13. If, then, we wish to persevere and to be saved for no one can be saved without perseverance we must pray continually. Our perseverance depends, not on one grace, but on a thousand helps which we hope to obtain from God during our whole lives, that we may be preserved in his grace. Now, to this chain of graces a chain of prayers on our part must correspond; without these prayers, God ordinarily does not grant his graces. If we neglect to pray, and thus break the chain of prayers, the chain of graces shall also be broken, and we shall lose the grace of perseverance. If, says Jesus Christ to his disciples, one of you go during the night to a friend, and say to him: Lend me three loaves; an acquaintance has come to my house, and I have no refreshment for him. The friend will answer: I am in bed; the door is locked; I cannot get up. But, if the other continue to knock at the door, and will not depart, the friend will rise, and give him as many loaves as he wishes, not through friendship, but to be freed from his importunity. “Although he will not rise and give him because he is his friend; yet, because of his importunity, he will rise, and give him as many as he needeth." (Luke xi. 8.) Now, if a man will give his loaves to a friend because of his importunity, ”how much more," says St. Augustine, “will God give, who exhorts us to ask, and is displeased if we do not ask ?" How much more will the Lord bestow on us his graces, if we persevere in praying for them, when he exhorts us to ask them, and is offended if we do not ask them?

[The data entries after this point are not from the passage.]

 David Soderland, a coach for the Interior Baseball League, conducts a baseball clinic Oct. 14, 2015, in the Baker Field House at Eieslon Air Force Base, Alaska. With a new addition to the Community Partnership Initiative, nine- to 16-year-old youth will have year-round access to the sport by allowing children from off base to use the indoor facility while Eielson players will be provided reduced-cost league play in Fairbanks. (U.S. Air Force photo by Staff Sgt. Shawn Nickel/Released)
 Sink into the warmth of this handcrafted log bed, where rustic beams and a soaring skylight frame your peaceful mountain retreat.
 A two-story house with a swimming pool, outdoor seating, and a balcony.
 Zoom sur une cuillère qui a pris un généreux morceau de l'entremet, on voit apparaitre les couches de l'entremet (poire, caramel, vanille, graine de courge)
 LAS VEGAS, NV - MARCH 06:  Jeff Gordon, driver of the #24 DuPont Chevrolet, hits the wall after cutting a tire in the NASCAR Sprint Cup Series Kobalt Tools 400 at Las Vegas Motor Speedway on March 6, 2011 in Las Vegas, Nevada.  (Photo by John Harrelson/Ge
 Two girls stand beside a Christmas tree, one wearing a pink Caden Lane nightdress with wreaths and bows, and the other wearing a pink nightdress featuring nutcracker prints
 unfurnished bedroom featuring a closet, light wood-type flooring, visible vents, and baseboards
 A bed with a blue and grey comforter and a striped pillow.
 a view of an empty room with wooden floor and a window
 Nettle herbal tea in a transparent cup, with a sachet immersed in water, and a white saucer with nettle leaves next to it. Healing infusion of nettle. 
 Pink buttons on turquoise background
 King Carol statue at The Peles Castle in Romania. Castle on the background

14. Men feel annoyed at being frequently and importunately asked for a favour. But God exhorts us to pray frequently; and, instead of being dissatisfied, he is pleased with those who repeatedly ask his graces. Cornelius à Lapide says, that “God wishes us to persevere in prayer, even to importunity." (in Luc., cap. xi.) St. Jerome says: "This importunity with the Lord is seasonable." (in Luc. xi.) That God is pleased with frequent and persevering prayer, may be inferred from the words of Jesus Christ: "Ask, and it shall be given you; seek, and you shall find; knock, and it shall be opened to you." (Luke xi. 9.) It was not enough to have said ask but he added, seek, knock; in order to show, that, during our whole lives, we should be as importunate in supplicating the divine graces as beggars are in asking alms. Though they should be refused, they do not cease to cry out, or to knock at the door; they persist in asking relief till they obtain it.

15. If, then, we wish to obtain from God the gift of perseverance, we must ask it from him continually and with importunity. We must ask it when we rise in the morning, in our meditations, in hearing Mass, in our visits to the blessed sacrament, in going to bed at night, and particularly when we are tempted by the devil to commit any sin. Thus, we must always have our mouths open praying to God, and saying: Lord, assist me; give me light; give me strength; keep thy hand upon me, and do not abandon me. We must do violence to the Lord. “Such violence," says Tertullian, ”is agreeable to God." The violence which we offer to God by repeated prayers does not offend him: on the contrary, it is pleasing and acceptable in his sight. "Prayer," according to St. John Climacus, "piously offers violence to God." Our supplications compel him, but in a manner grateful to him. He takes great complacency in seeing his mother honoured, and therefore wishes, as St. Bernard says, that all the graces we receive should pass through her hands. Hence the holy doctor exhorts us "to seek grace, and to seek it through Mary, because she is a mother, and her prayer cannot be fruitless." (de Aquæd.) When we ask her to obtain any grace for us, she graciously hears our petitions and prays for us: and the prayers of Mary are never rejected.